11. Data Validation
Data validation ensures incoming data meets quality standards before training or inference. Bad data produces bad models. Unlike model validation (which evaluates predictions), data validation evaluates inputs.
Core validation dimensions:
- Completeness: No missing values beyond acceptable thresholds
- Correctness: Values within valid ranges
- Consistency: Same format, same distributions
- Freshness: Data is recent enough for the use case
The Great Expectations library provides declarative data validation:
# validate_data.py
import great_expectations as ge
import pandas as pd
def validate_training_data(path: str) -> dict:
"""Validate dataset and return validation report."""

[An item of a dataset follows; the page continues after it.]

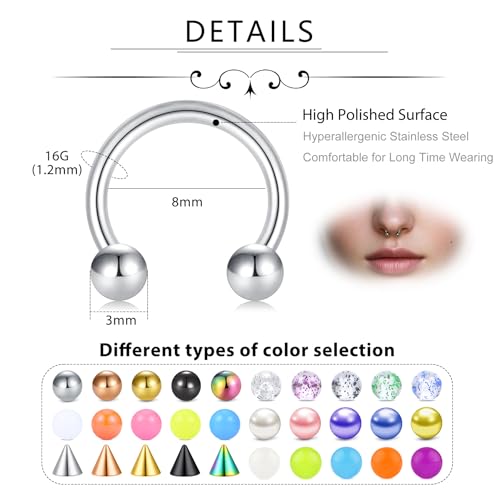 D.Bella 16G 18G 20G Horseshoe Septum Rings Surgical Steel Nose Piercing Jewelry Cartilage Helix Tragus Earring Hoop Eyebrow Lip Retainer for Women Men 6mm 8mm 10mm 12mm - color: 16G-8MM-40 Pcs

df = ge.from_pandas(pd.read_csv(path))
# Define expectations
expectations = [
{"expectation": "expect_column_to_exist", "kwargs": {"column": "text"}},
{"expectation": "expect_column_to_exist", "kwargs": {"column": "label"}},
{"expectation": "expect_column_values_to_not_be_null", "kwargs": {"column": "text"}},
{"expectation": "expect_column_value_lengths_to_be_between",
"kwargs": {"column": "text", "min_value": 1, "max_value": 10000}},
{"expectation": "expect_column_values_to_be_in_set",
"kwargs": {"column": "label", "value_set": [0, 1]}},
]
results = {"passed": [], "failed": []}
for exp in expectations:
expectation = getattr(df, exp["expectation"])
try:
result = expectation(**exp["kwargs"])
if result.success:
results["passed"].append(exp["expectation"])
else:
results["failed"].append({
"expectation": exp["expectation"],
"details": result
})
except Exception as e:
results["failed"].append({
"expectation": exp["expectation"],
"error": str(e)
})
return results
report = validate_training_data("data/training.csv")
print(f"Passed: {len(report['passed'])}, Failed: {len(report['failed'])}")
Local verification checkpoint
Run the smallest example from this chapter in a local workspace and record the package version, runtime, data path, and observed output. If the result depends on model size, vector count, CPU/GPU backend, or available memory, note that constraint beside the exercise so the lesson remains reproducible.
Install Great Expectations. Create expectations for a dataset you're using. Run validation and fix any failures. Add distribution expectations comparing your data to a baseline distribution.